Description of the task: Give the data again exactly as it appears, excluding any pictures.

Available data:
==*==

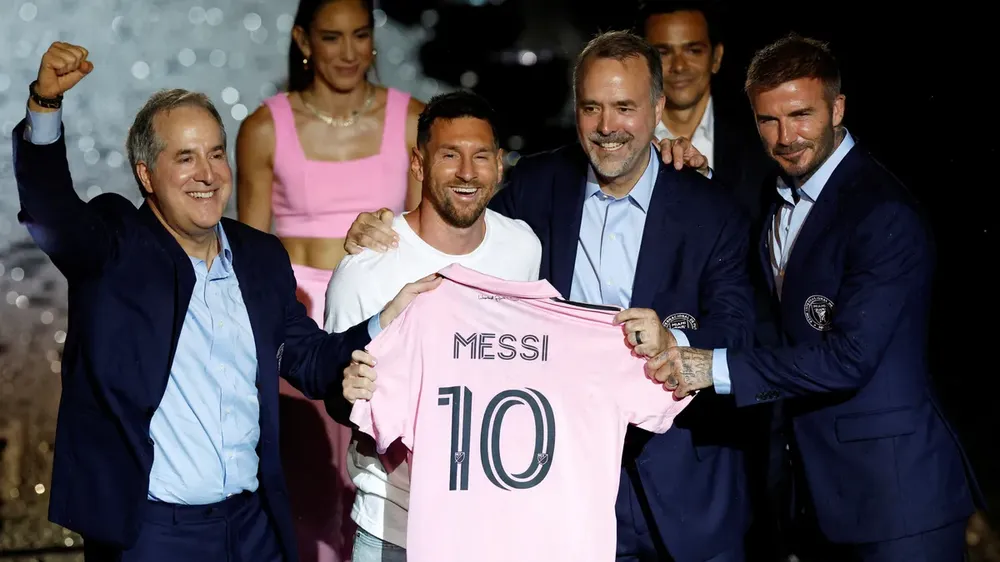 CLB Inter Miami chi tiền cho Messi nhiều nhưng cũng thu lại nhiều từ tên tuổi và tài năng của anh. Ảnh: GETTY. messi-miami-2.jpg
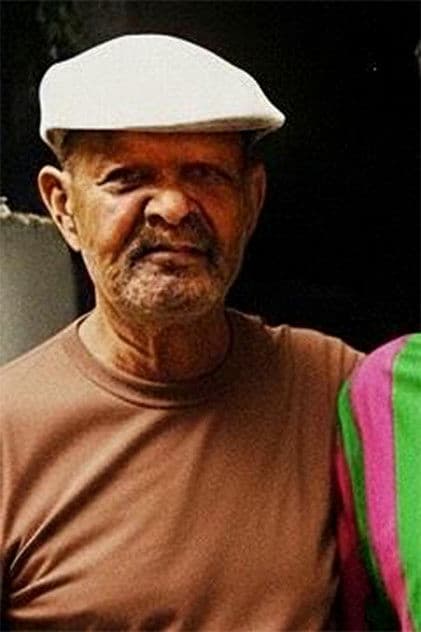 Actor Carlos Cachaça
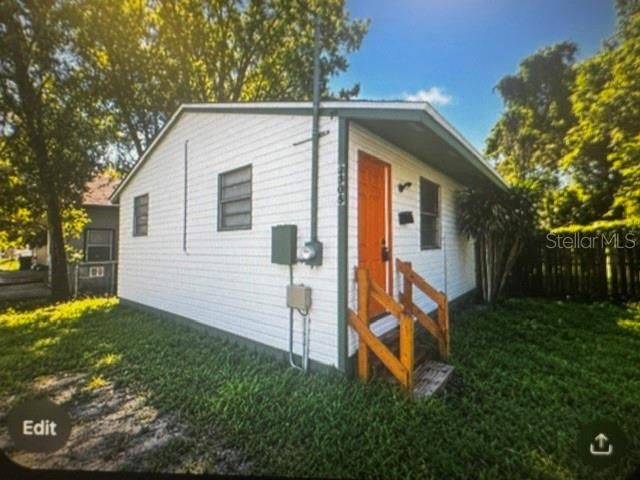 For Rent: $1,695 (2 beds, 1 baths, 864 Square Feet)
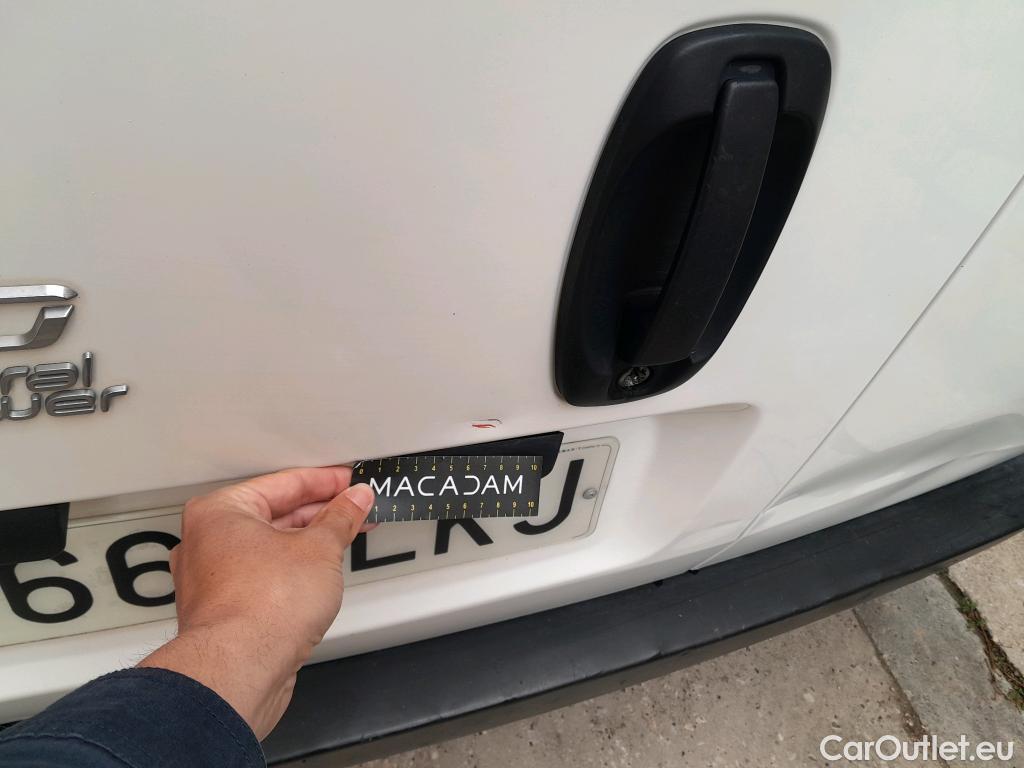  Fiat  Fiorino FIAT  / 2016 / 3P / furgón derivado de turismo Cargo Base 1.4 Natural Power 51kW (70CV) * #3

==*==

Answer space:
 CLB Inter Miami chi tiền cho Messi nhiều nhưng cũng thu lại nhiều từ tên tuổi và tài năng của anh. Ảnh: GETTY. messi-miami-2.jpg
 Actor Carlos Cachaça
 For Rent: $1,695 (2 beds, 1 baths, 864 Square Feet)
  Fiat  Fiorino FIAT  / 2016 / 3P / furgón derivado de turismo Cargo Base 1.4 Natural Power 51kW (70CV) * #3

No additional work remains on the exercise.